===== Given records

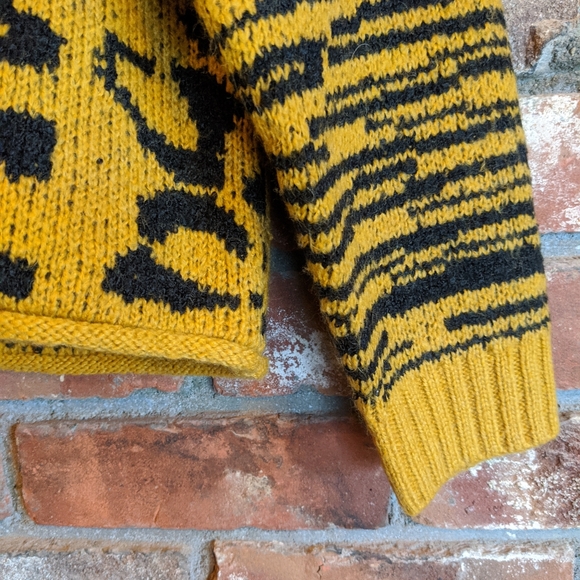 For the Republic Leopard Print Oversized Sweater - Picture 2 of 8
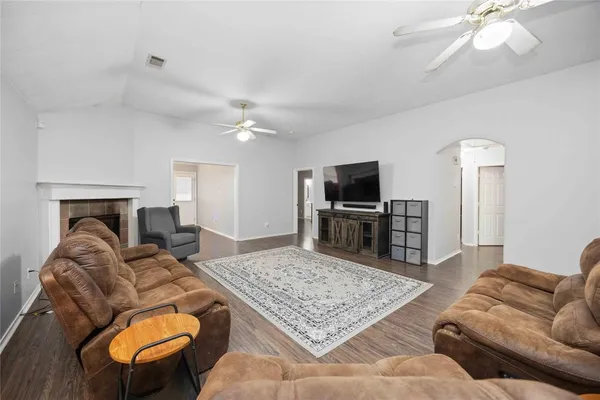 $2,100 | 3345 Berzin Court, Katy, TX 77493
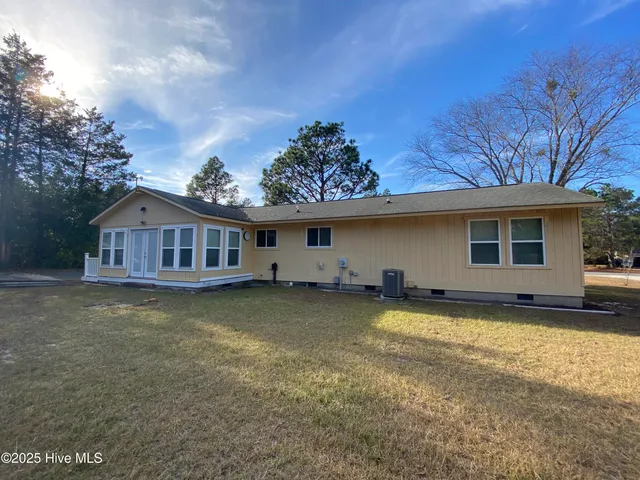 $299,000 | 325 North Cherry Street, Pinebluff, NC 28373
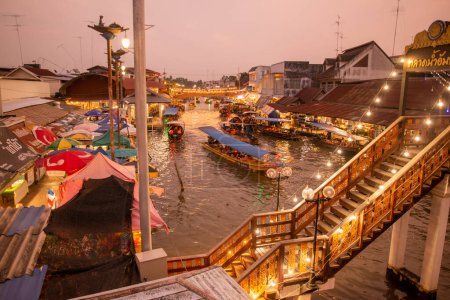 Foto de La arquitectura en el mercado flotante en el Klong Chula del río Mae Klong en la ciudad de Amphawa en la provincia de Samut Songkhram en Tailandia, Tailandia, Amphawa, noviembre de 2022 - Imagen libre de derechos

==========
===== Given records

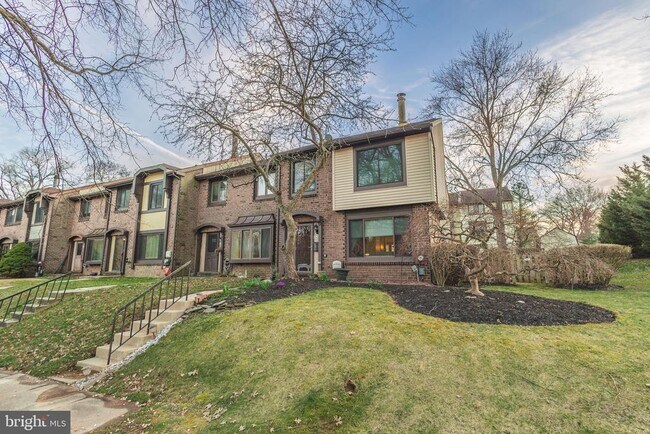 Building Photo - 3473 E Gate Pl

==========

- Assignment
Using the material above, reproduce only the lines that run from the line with "For the Republic" up to and including the line with "Pinebluff, NC 28373", exactly, with the pictures dropped.

- Response for this exercise
 For the Republic Leopard Print Oversized Sweater - Picture 2 of 8
 $2,100 | 3345 Berzin Court, Katy, TX 77493
 $299,000 | 325 North Cherry Street, Pinebluff, NC 28373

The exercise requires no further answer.